LangSlice training code is public, but raw data, generated corpora, caches, checkpoints, and private run logs are local-only.

Layout

  • models/langslice-gemma-4/training/sft/ - SFT trainer and data contract.
  • models/training-core/langslice_training/rl/single_turn/ - active single-turn RL trainer.
  • models/training-core/langslice_training/ - shared reusable training code.
  • models/langslice-traces/langslice_traces/ - trace generation and rendering primitives.
  • models/training-core/langslice_training/corpus/ - synthetic trace-corpus generation and atlas region-description.
  • models/data/langslice_data/ - public manifest/QC tooling and fixtures.

Entrypoints

The public harness CLI remains:

langslice version

Training entrypoints live under the model hub and are exposed through small launchers:

langslice-gemma-sft --help
langslice-gemma-rl --help

These launchers only validate imports and arguments when invoked with --help; they do not start training unless full training arguments are provided.

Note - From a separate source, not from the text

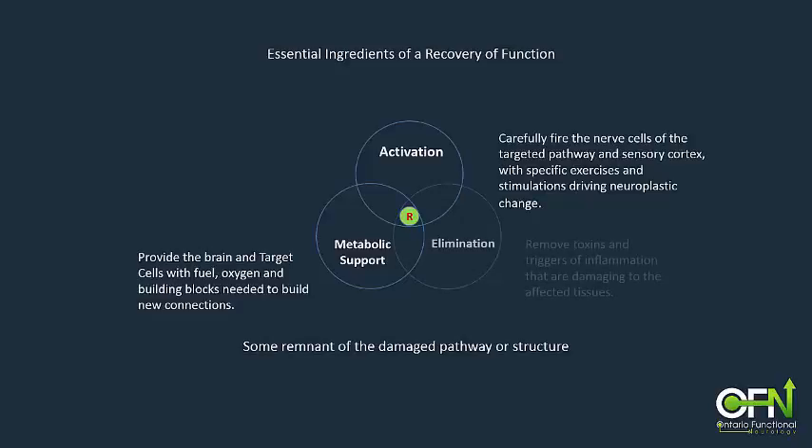4. Since all injuries will create inflammation, it is necessary to minimize its damaging effects by reducing the inflammatory response as much as possible. This means modifying the diet to remove triggers of inflammation as well as supplementation to support immune regulation.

iSFT is retired as a public product/pipeline and no longer has a public launcher.

Data Policy

Tracked files may include package code, README files, small fixtures, and model metadata. Keep the following out of the public repo:

  • raw datasets and manifest rows
  • generated SFT/RL corpora
  • atlas/query image caches
  • model checkpoints and adapters
  • QC thumbnails, debug traces, and local training logs

The .gitignore rules reserve local paths for those materials.